COLLECTED DATA:
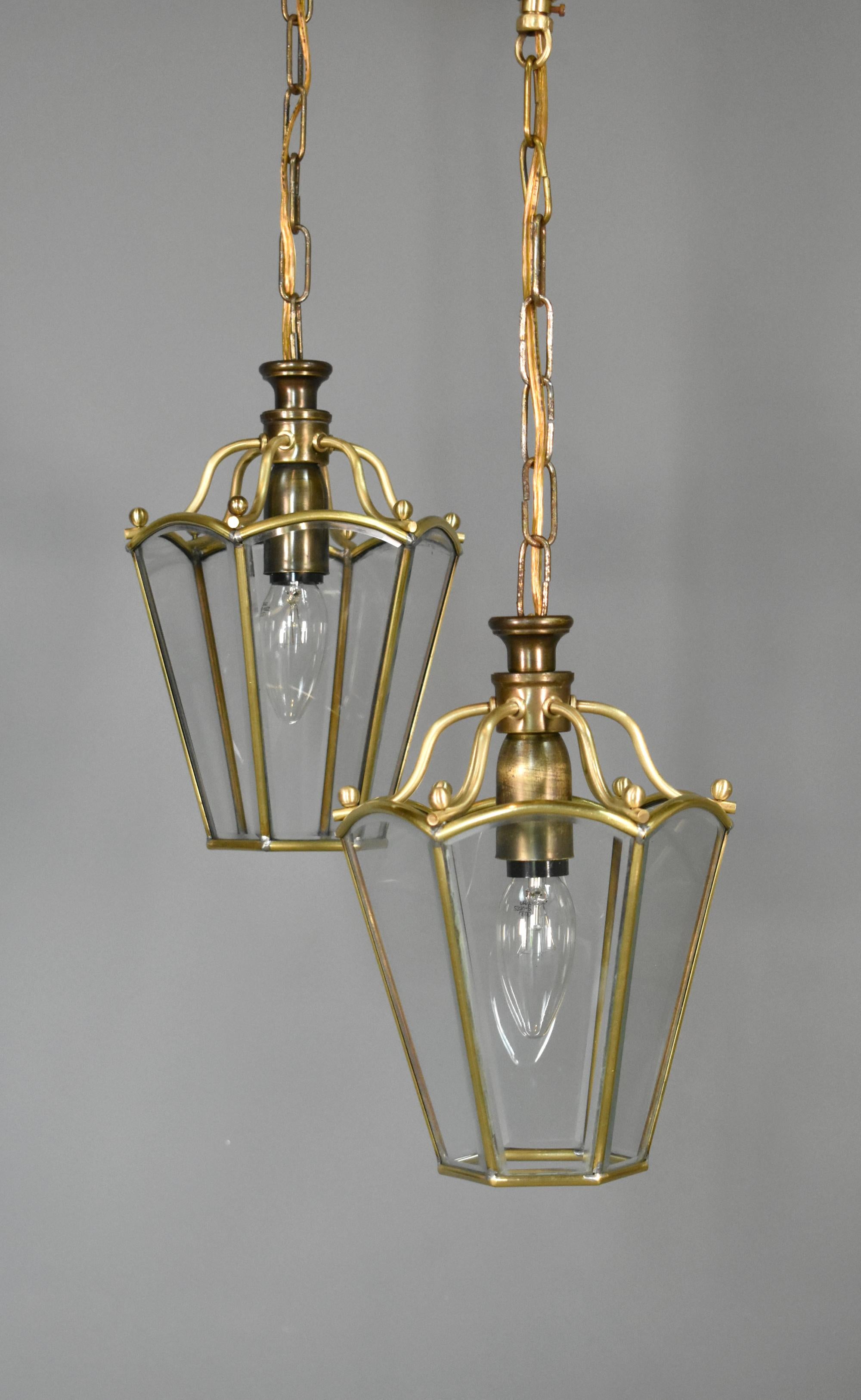 Pair Matching Brass Lanterns
 
An attractive pair of small hexagonal hanging lanterns with clear bevelled glass panels held within a polished brass frame.
 
In excellent condition, these classically styled lanterns would bring a touch of elegance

YOUR GOAL:
Your copy should hold each line above exactly and no pictures at all.

RESPONSE AREA:
 Pair Matching Brass Lanterns
 
An attractive pair of small hexagonal hanging lanterns with clear bevelled glass panels held within a polished brass frame.
 
In excellent condition, these classically styled lanterns would bring a touch of elegance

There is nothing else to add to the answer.